Tutorial - Using search-a-licious in your project#

So you have a dataset, or a project, with a collection of data you want to make searchable. Search-a-licious can help you have it done in a matter of few hours, while retaining your choices.

In this tutorial, we will see how we can use search-a-licious to search Open Food Facts data.

Setting up#

Clone the repository#

As an easy way to setup the project we will clone the repository:

git clone git@github.com:openfoodfacts/search-a-licious.git
cd search-a-licious

Create a configuration file#

We need to create a configuration file to indicate which fields we care about in our index.

For this we can create a conf/data/openfoodfacts-tutorial.yml file. It uses the YAML format.

Default Index and Indices#

At the top we have:

default_index: "off" # see 2
indices:  # see 1
  off:    # see 2

Search-a-licious support serving more than one dataset at once, each dataset as it's own indice with it's own definition. So we start with the "indices" keyword.
We must give a name to our unique index. Let's call it off as Open Food Facts. We also indicate that this is the default index for the API.

Index Configuration#

Now comes important indications for the index:

...
indices:
  off:
    index:  # see 1
      id_field_name: code  # see 2
      last_modified_field_name: last_modified_t  # see 2
      name: openfoodfacts  # see 3

The index section mark settings that are specific to the index.
We have to then indicate two important fields:
- a field that contains a unique id for each item in the collection (the identifier). In Open Food Facts dataset, it's simply the barcode, stored in code
  - a field that contains the item modification date to enable incremental updates. In Open Food Facts dataset, it's last_modified_t
We have to give a sensible name to the index, which should be unique for our ElasticSearch instance. So we simply put "openfoodfacts".

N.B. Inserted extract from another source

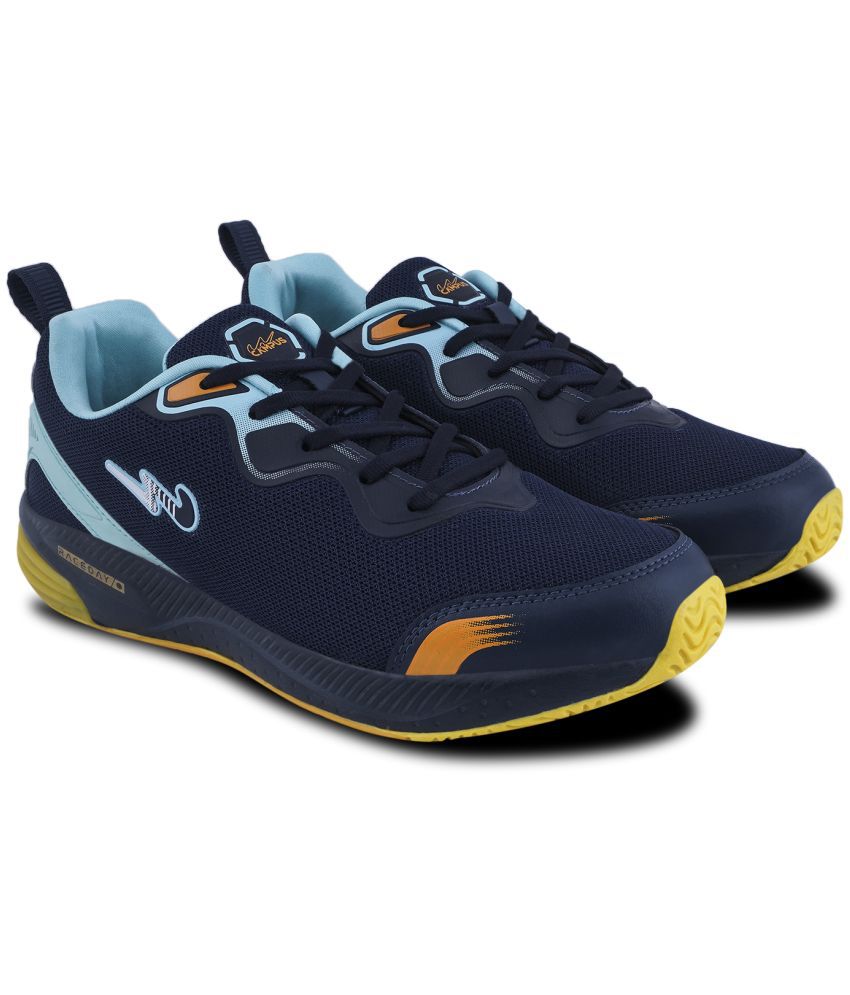     			Campus - FANSHOE-2 Navy Men's Sports Running Shoes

Configuring Searchable Fields#

Let's continue with configuration of fields we want to be able to search.

...
indices:
  off:
    ...
    fields:  # see 1
      code:  # see 2
        required: true
        type: keyword
      product_name:  # see 3
        full_text_search: true
        type: text_lang
      labels_tags:  # see 4
        type: keyword
        taxonomy_name: label
        bucket_agg: true
      labels:  # see 5
        full_text_search: true
        input_field: labels_tags
        taxonomy_name: label
        type: taxonomy
      nutriscore_grade:  # see 6
        type: keyword
        bucket_agg: true
      last_modified_t:  # see 7
        type: date

now we are in the field section
code is our identifier, it contains the barcode
- we mark it required for we should reject elements without it (it's certainly a bug)
- Each field must have a type which indicates how to handle it.
- For the code we choose the type keyword which means it's a fixed token.
product_name is also an important field.
- this time we want to be able to search part of it, also it's a field that comes with different values for different languages, that's why we mark it as type: textlang
- We also include this field in free text search, that's the full_text_search: true part.
labels_tags is a field that contains labels of the product in a canonical form.
- This is a field supported by a taxonomy. Taxonomies gives translations and synonyms for terms of a specific field of interest. In this case this is the label taxonomy. We will see later on the configuration of taxonomies. This field will be useful to find all items matching a particular label in a precise way, using the label canonical form.
- Also we plan to use the field for facets so we put the bucket_agg: true part.
The labels repeat information from labels_tags (hence the input_field: labels_tags) but is there to enrich the information of full text searches (type: taxonomy). With that, the full text search will take into account the translations and synonyms of labels.
Nutri-Score is a field with very basic values: "a", "b", ..., "e", "unknown" and "not-applicable", as for code, a perfect case for a keyword field
last_modified_t, corresponding to last modification time, is an example of a date field.

Configuring Taxonomies#

Let's continue with configuration of taxonomies.

Taxonomies will be used in multiple ways by search-a-licious:

to add synonyms for taxonomized values on full text search. For example you might search for "European Organic", to find items with the "EU Organic" label.
to suggest values to search for in autocomplete (this can also be used in edit forms)
to translate values from the results, for example as we display facets

...
indices:
  off:
    ...
    taxonomy:
      sources:  # see 1

      - name: label
        url: https://static.openfoodfacts.org/data/taxonomies/labels.full.json
      exported_langs:   # see 2
      - en
      - fr
      index:   # see 3
        name: off_taxonomy

We cited one taxonomy above: label, here we define how to get it.
We must also defined which languages we want to use for this taxonomy. There is some trade-off between having a manageable size for the index and supporting more languages.
finally we have to give a name to the Elasticsearch index that will contain the taxonomies.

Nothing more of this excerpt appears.